» What is being asked
Using the material below, print the line that contains "Baton de fructe", the line that contains "The Top 10 Slot Games to Play on Mobile", and every line in between, exactly and nothing else.

» Data extract
..............................

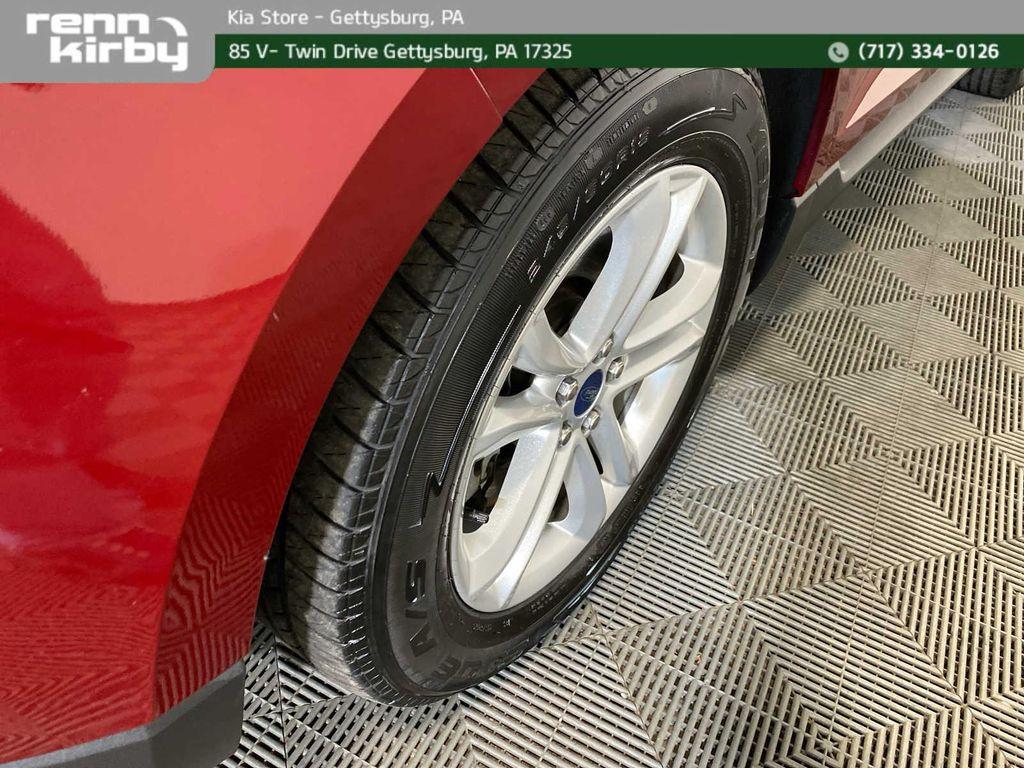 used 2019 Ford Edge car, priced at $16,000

..............................

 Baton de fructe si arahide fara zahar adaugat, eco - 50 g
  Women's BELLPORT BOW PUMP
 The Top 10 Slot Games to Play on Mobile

..............................

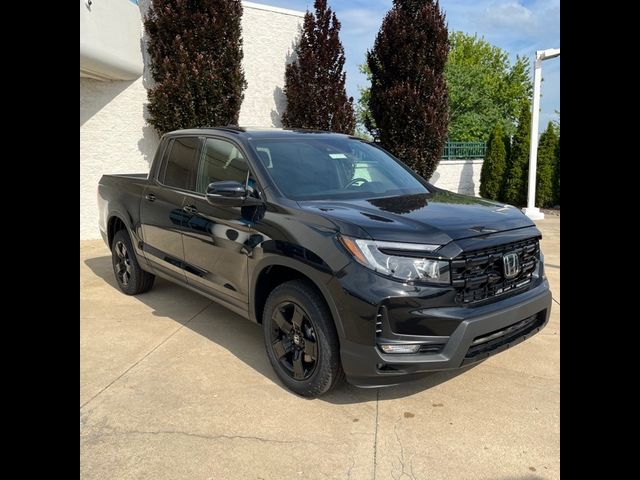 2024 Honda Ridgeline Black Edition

..............................

» Answer to the exercise
 Baton de fructe si arahide fara zahar adaugat, eco - 50 g
  Women's BELLPORT BOW PUMP
 The Top 10 Slot Games to Play on Mobile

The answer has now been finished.